- [Entries provided]:

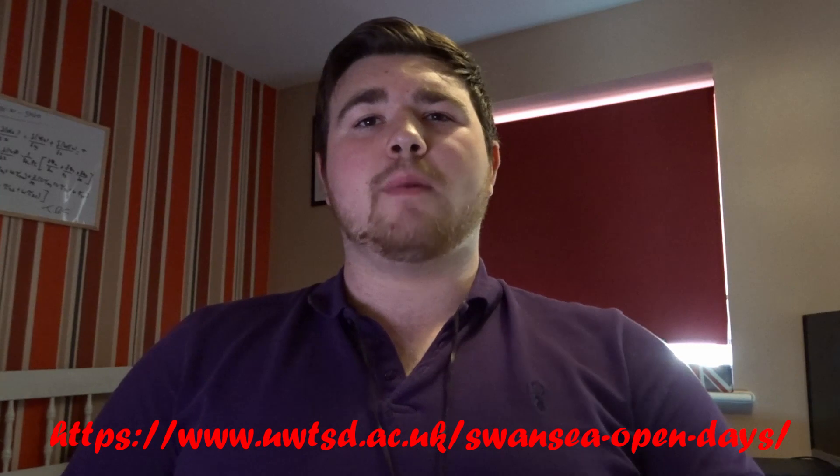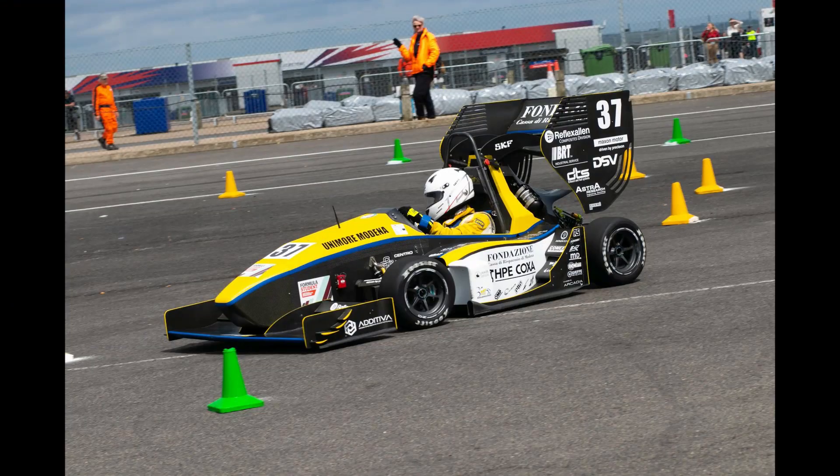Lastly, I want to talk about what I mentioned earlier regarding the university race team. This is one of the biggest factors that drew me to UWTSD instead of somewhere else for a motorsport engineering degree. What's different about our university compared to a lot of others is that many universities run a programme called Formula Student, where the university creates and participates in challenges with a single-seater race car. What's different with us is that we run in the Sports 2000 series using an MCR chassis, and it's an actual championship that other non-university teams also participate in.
* * *
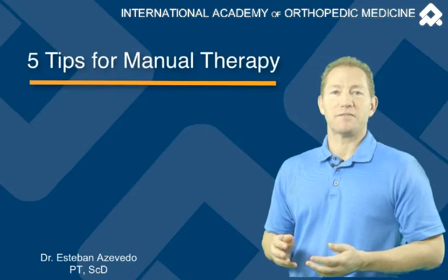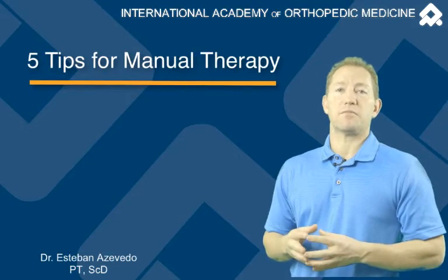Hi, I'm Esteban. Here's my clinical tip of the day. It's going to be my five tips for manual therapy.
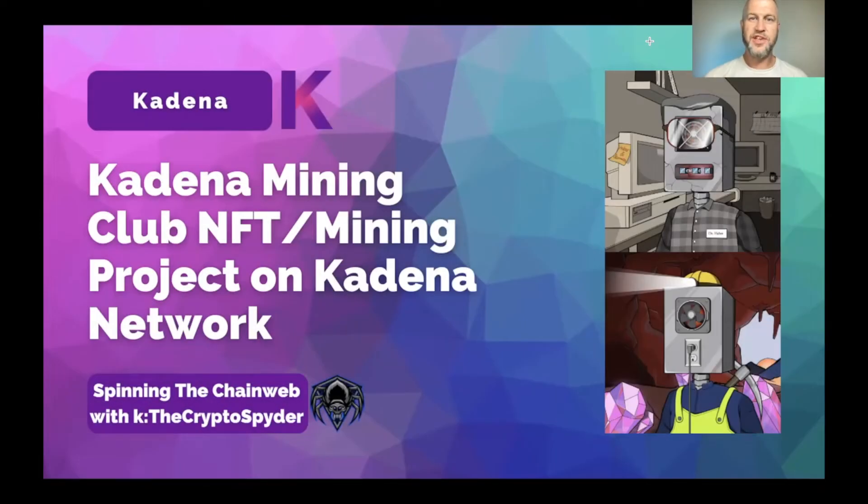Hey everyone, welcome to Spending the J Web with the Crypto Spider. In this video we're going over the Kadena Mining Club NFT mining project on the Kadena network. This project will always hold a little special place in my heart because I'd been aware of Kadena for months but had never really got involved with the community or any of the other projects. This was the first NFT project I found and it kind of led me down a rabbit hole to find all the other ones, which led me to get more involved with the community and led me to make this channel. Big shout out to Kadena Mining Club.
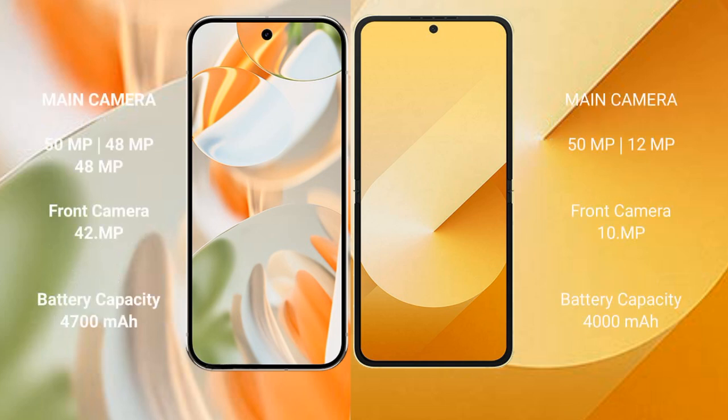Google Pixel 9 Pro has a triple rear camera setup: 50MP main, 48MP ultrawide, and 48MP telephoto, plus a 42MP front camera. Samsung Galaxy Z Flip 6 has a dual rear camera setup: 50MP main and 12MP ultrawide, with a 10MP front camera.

- [Exercise brief]:
Using the data above, print only the lines starting at the one with "Hey everyone, welcome" and ending at the one with "Google Pixel 9", exactly as they stand, minus the pictures.

- [Answer below]:
Hey everyone, welcome to Spending the J Web with the Crypto Spider. In this video we're going over the Kadena Mining Club NFT mining project on the Kadena network. This project will always hold a little special place in my heart because I'd been aware of Kadena for months but had never really got involved with the community or any of the other projects. This was the first NFT project I found and it kind of led me down a rabbit hole to find all the other ones, which led me to get more involved with the community and led me to make this channel. Big shout out to Kadena Mining Club.
Google Pixel 9 Pro has a triple rear camera setup: 50MP main, 48MP ultrawide, and 48MP telephoto, plus a 42MP front camera. Samsung Galaxy Z Flip 6 has a dual rear camera setup: 50MP main and 12MP ultrawide, with a 10MP front camera.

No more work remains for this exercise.